Yea, but again... the variables of what you see online are too great. The only way to do a real proper test is to do a real proper test. You can't really compare with random clips from multiple sources, not fully knowing the workflow that went behind them and of course, not having a calibrated high-quality display system.
Obviously 2 perf 35mm has less grain then 16mm for similar frame aspect ratio, but I was only commenting on 16mm's ability to look "crisp" because it CAN, especially with today's technology. I just feel people who shoot with it, aren't interested in that look.
I agree with Tyler on this one... 50D can definitely look very crisp, but I'd take it one step further and say that so too can 250D or 200T with the right exposure, lenses, and scanning. Scanners and compression make a huge difference.
Scanners make a much bigger difference on S16 then 35mm. Not very many scanners use the full imager on S16, so you're already "cropping" the digital side of things.
Plus, a lot of the older S16 movies, where blown up photochemically and finished on 35mm. There is actually a loss of "crispness" during that process as well.
I made a thread about the movie Anthropoid not looking very good, but most of that was due to the filmmakers not using much light and pushing the format to places it shouldn't be going.

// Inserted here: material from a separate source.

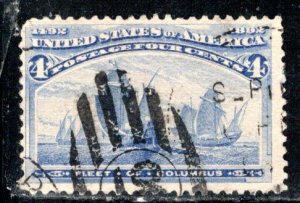 United States Scott # 233, used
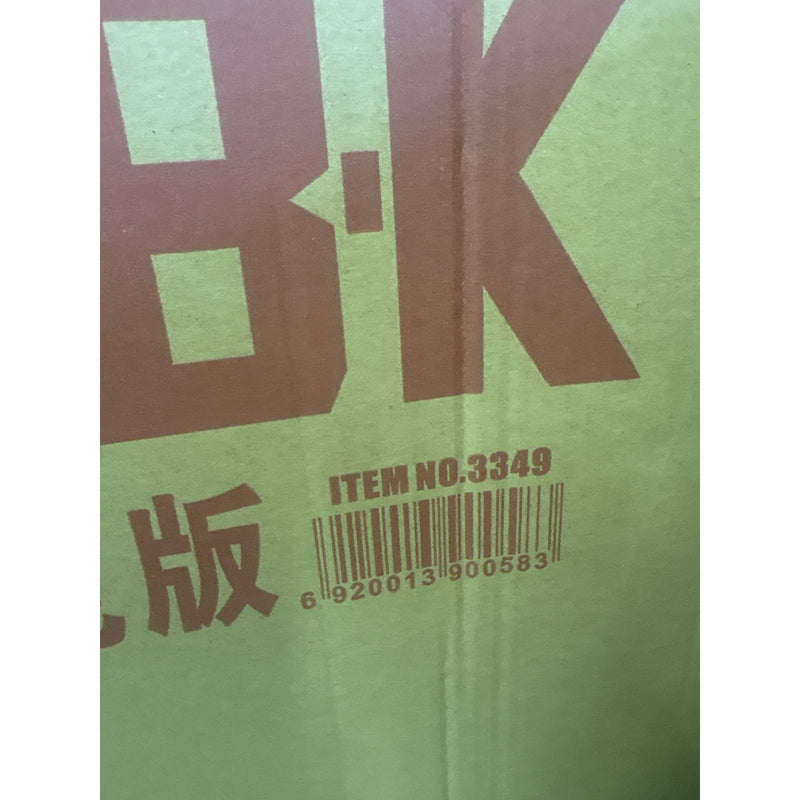 Nbk Deformation Oversize Toy Robot Devastator Engineering Combiner SEALED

Plus it was finished in 2k, so it was a jagged/pixilated mess of digital disgustingness.
If you're gonna shoot 16mm and you want it to look good, you've gotta use modern glass and you've gotta light the crap out of it so you don't have to push the stock in post. You've then gotta scan it using a machine that uses the full imager and use a full 4k workflow from start to finish. Then you'll have "crispness" just like 35mm.
Back to the OP, I've really enjoyed the last few years of seeing formats used almost completely for aesthetic reasons over cost. There were all the films that Tyler mentioned shot on Super 16 (Moonrise Kingdom was drop-dead gorgeous on screen), and even on TV the Walking Dead is still Super 16 (though I think the Cable TV compression makes it a little ugly and mushy), even as it's spinoff went digital. Then on the other side of that we have Dunkirk coming in completely shot on 70mm and we had Tarantino resurrecting a basically obsolete format and distributing projectors for it. There is some really cool stuff out there! I might be in a minority here but I think I can see the difference in formats even when just viewing a good HD copy at home on my TV. You can tell what parts of Batman were in 70mm, and Moonrise Kingdom doesn't devolve into mush, it looks great. Digital is kind of the great leveler as far as formats go, which is kind of boring in comparison (I'm no film purist but I like it see it shot as much as possible).